(Collected data entries)
+--
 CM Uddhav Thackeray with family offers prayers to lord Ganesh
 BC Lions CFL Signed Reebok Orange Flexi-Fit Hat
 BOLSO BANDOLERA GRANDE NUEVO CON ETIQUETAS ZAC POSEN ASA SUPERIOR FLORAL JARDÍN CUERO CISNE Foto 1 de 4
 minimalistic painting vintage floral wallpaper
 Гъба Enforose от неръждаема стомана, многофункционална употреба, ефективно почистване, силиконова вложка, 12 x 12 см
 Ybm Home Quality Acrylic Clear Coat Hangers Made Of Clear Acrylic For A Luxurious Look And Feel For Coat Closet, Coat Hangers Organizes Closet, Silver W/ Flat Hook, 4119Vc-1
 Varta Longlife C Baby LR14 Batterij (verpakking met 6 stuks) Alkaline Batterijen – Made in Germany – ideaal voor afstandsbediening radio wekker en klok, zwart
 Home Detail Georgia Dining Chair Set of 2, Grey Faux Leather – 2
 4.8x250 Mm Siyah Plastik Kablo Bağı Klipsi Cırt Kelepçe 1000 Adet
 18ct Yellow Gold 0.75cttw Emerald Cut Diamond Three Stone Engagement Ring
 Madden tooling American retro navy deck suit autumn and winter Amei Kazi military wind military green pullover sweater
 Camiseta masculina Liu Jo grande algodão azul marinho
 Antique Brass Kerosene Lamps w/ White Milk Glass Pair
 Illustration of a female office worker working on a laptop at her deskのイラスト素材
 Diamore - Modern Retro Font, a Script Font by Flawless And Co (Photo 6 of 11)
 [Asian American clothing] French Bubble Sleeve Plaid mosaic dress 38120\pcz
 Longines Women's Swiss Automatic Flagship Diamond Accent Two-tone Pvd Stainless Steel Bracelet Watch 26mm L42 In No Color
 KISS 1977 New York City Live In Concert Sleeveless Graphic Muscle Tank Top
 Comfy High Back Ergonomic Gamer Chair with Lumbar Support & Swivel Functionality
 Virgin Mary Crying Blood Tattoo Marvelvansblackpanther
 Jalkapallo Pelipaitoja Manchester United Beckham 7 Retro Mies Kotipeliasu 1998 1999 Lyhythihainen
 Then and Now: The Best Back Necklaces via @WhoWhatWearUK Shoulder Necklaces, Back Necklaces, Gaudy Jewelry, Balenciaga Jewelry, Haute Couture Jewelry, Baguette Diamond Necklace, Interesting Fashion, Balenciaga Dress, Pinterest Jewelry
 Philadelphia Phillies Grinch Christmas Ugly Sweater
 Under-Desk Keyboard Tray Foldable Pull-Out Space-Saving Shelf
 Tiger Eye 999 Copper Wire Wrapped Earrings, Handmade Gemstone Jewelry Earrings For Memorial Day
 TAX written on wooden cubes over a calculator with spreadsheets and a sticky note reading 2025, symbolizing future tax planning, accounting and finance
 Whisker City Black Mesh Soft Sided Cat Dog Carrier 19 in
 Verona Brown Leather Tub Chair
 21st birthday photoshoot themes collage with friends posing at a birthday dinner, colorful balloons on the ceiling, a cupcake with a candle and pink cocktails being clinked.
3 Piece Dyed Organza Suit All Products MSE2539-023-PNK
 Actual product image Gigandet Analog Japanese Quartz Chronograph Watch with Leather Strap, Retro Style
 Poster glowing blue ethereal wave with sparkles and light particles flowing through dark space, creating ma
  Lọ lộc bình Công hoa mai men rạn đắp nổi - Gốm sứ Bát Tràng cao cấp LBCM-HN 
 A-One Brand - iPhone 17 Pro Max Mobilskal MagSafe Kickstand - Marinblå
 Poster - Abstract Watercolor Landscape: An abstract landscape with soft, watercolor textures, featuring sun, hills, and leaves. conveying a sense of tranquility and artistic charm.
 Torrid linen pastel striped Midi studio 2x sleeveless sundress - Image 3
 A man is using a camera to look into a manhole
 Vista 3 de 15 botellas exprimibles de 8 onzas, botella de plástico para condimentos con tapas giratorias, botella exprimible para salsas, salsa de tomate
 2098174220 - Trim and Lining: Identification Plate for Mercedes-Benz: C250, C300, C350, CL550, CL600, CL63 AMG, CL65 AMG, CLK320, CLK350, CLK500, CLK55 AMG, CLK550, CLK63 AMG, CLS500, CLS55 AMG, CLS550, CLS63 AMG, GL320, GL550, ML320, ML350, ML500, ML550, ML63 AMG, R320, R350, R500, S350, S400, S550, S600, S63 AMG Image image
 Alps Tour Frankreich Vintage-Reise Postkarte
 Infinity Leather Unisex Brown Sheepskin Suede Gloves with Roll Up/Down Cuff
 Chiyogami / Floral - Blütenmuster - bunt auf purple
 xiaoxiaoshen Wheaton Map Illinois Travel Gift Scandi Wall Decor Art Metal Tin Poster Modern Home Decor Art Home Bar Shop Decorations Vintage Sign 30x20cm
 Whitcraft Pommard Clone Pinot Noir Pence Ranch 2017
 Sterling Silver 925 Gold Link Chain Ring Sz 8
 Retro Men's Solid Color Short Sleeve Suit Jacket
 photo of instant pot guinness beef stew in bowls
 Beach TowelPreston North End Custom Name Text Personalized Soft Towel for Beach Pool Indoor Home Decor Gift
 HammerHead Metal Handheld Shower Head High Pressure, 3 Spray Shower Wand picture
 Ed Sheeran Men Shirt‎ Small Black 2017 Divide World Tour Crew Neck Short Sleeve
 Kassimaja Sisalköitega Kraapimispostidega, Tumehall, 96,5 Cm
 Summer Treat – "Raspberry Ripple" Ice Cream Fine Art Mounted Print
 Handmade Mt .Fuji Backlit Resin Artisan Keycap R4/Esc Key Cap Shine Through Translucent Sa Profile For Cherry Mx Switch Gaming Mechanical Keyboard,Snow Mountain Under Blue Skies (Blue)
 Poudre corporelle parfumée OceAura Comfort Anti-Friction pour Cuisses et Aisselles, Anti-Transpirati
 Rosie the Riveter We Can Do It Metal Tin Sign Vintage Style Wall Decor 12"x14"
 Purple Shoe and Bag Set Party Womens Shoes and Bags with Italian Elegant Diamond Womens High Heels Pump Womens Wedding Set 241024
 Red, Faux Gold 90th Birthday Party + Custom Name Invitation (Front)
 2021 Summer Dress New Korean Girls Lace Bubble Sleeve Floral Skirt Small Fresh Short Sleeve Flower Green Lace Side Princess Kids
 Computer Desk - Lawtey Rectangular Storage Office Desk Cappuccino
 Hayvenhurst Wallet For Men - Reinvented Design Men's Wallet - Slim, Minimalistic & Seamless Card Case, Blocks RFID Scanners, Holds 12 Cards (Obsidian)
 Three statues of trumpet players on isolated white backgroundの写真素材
+--
== Goal of the exercise ==
Output each line of the entries exactly, so that nothing is lost.

== Response to the exercise ==
 CM Uddhav Thackeray with family offers prayers to lord Ganesh
 BC Lions CFL Signed Reebok Orange Flexi-Fit Hat
 BOLSO BANDOLERA GRANDE NUEVO CON ETIQUETAS ZAC POSEN ASA SUPERIOR FLORAL JARDÍN CUERO CISNE Foto 1 de 4
 minimalistic painting vintage floral wallpaper
 Гъба Enforose от неръждаема стомана, многофункционална употреба, ефективно почистване, силиконова вложка, 12 x 12 см
 Ybm Home Quality Acrylic Clear Coat Hangers Made Of Clear Acrylic For A Luxurious Look And Feel For Coat Closet, Coat Hangers Organizes Closet, Silver W/ Flat Hook, 4119Vc-1
 Varta Longlife C Baby LR14 Batterij (verpakking met 6 stuks) Alkaline Batterijen – Made in Germany – ideaal voor afstandsbediening radio wekker en klok, zwart
 Home Detail Georgia Dining Chair Set of 2, Grey Faux Leather – 2
 4.8x250 Mm Siyah Plastik Kablo Bağı Klipsi Cırt Kelepçe 1000 Adet
 18ct Yellow Gold 0.75cttw Emerald Cut Diamond Three Stone Engagement Ring
 Madden tooling American retro navy deck suit autumn and winter Amei Kazi military wind military green pullover sweater
 Camiseta masculina Liu Jo grande algodão azul marinho
 Antique Brass Kerosene Lamps w/ White Milk Glass Pair
 Illustration of a female office worker working on a laptop at her deskのイラスト素材
 Diamore - Modern Retro Font, a Script Font by Flawless And Co (Photo 6 of 11)
 [Asian American clothing] French Bubble Sleeve Plaid mosaic dress 38120\pcz
 Longines Women's Swiss Automatic Flagship Diamond Accent Two-tone Pvd Stainless Steel Bracelet Watch 26mm L42 In No Color
 KISS 1977 New York City Live In Concert Sleeveless Graphic Muscle Tank Top
 Comfy High Back Ergonomic Gamer Chair with Lumbar Support & Swivel Functionality
 Virgin Mary Crying Blood Tattoo Marvelvansblackpanther
 Jalkapallo Pelipaitoja Manchester United Beckham 7 Retro Mies Kotipeliasu 1998 1999 Lyhythihainen
 Then and Now: The Best Back Necklaces via @WhoWhatWearUK Shoulder Necklaces, Back Necklaces, Gaudy Jewelry, Balenciaga Jewelry, Haute Couture Jewelry, Baguette Diamond Necklace, Interesting Fashion, Balenciaga Dress, Pinterest Jewelry
 Philadelphia Phillies Grinch Christmas Ugly Sweater
 Under-Desk Keyboard Tray Foldable Pull-Out Space-Saving Shelf
 Tiger Eye 999 Copper Wire Wrapped Earrings, Handmade Gemstone Jewelry Earrings For Memorial Day
 TAX written on wooden cubes over a calculator with spreadsheets and a sticky note reading 2025, symbolizing future tax planning, accounting and finance
 Whisker City Black Mesh Soft Sided Cat Dog Carrier 19 in
 Verona Brown Leather Tub Chair
 21st birthday photoshoot themes collage with friends posing at a birthday dinner, colorful balloons on the ceiling, a cupcake with a candle and pink cocktails being clinked.
3 Piece Dyed Organza Suit All Products MSE2539-023-PNK
 Actual product image Gigandet Analog Japanese Quartz Chronograph Watch with Leather Strap, Retro Style
 Poster glowing blue ethereal wave with sparkles and light particles flowing through dark space, creating ma
  Lọ lộc bình Công hoa mai men rạn đắp nổi - Gốm sứ Bát Tràng cao cấp LBCM-HN 
 A-One Brand - iPhone 17 Pro Max Mobilskal MagSafe Kickstand - Marinblå
 Poster - Abstract Watercolor Landscape: An abstract landscape with soft, watercolor textures, featuring sun, hills, and leaves. conveying a sense of tranquility and artistic charm.
 Torrid linen pastel striped Midi studio 2x sleeveless sundress - Image 3
 A man is using a camera to look into a manhole
 Vista 3 de 15 botellas exprimibles de 8 onzas, botella de plástico para condimentos con tapas giratorias, botella exprimible para salsas, salsa de tomate
 2098174220 - Trim and Lining: Identification Plate for Mercedes-Benz: C250, C300, C350, CL550, CL600, CL63 AMG, CL65 AMG, CLK320, CLK350, CLK500, CLK55 AMG, CLK550, CLK63 AMG, CLS500, CLS55 AMG, CLS550, CLS63 AMG, GL320, GL550, ML320, ML350, ML500, ML550, ML63 AMG, R320, R350, R500, S350, S400, S550, S600, S63 AMG Image image
 Alps Tour Frankreich Vintage-Reise Postkarte
 Infinity Leather Unisex Brown Sheepskin Suede Gloves with Roll Up/Down Cuff
 Chiyogami / Floral - Blütenmuster - bunt auf purple
 xiaoxiaoshen Wheaton Map Illinois Travel Gift Scandi Wall Decor Art Metal Tin Poster Modern Home Decor Art Home Bar Shop Decorations Vintage Sign 30x20cm
 Whitcraft Pommard Clone Pinot Noir Pence Ranch 2017
 Sterling Silver 925 Gold Link Chain Ring Sz 8
 Retro Men's Solid Color Short Sleeve Suit Jacket
 photo of instant pot guinness beef stew in bowls
 Beach TowelPreston North End Custom Name Text Personalized Soft Towel for Beach Pool Indoor Home Decor Gift
 HammerHead Metal Handheld Shower Head High Pressure, 3 Spray Shower Wand picture
 Ed Sheeran Men Shirt‎ Small Black 2017 Divide World Tour Crew Neck Short Sleeve
 Kassimaja Sisalköitega Kraapimispostidega, Tumehall, 96,5 Cm
 Summer Treat – "Raspberry Ripple" Ice Cream Fine Art Mounted Print
 Handmade Mt .Fuji Backlit Resin Artisan Keycap R4/Esc Key Cap Shine Through Translucent Sa Profile For Cherry Mx Switch Gaming Mechanical Keyboard,Snow Mountain Under Blue Skies (Blue)
 Poudre corporelle parfumée OceAura Comfort Anti-Friction pour Cuisses et Aisselles, Anti-Transpirati
 Rosie the Riveter We Can Do It Metal Tin Sign Vintage Style Wall Decor 12"x14"
 Purple Shoe and Bag Set Party Womens Shoes and Bags with Italian Elegant Diamond Womens High Heels Pump Womens Wedding Set 241024
 Red, Faux Gold 90th Birthday Party + Custom Name Invitation (Front)
 2021 Summer Dress New Korean Girls Lace Bubble Sleeve Floral Skirt Small Fresh Short Sleeve Flower Green Lace Side Princess Kids
 Computer Desk - Lawtey Rectangular Storage Office Desk Cappuccino
 Hayvenhurst Wallet For Men - Reinvented Design Men's Wallet - Slim, Minimalistic & Seamless Card Case, Blocks RFID Scanners, Holds 12 Cards (Obsidian)
 Three statues of trumpet players on isolated white backgroundの写真素材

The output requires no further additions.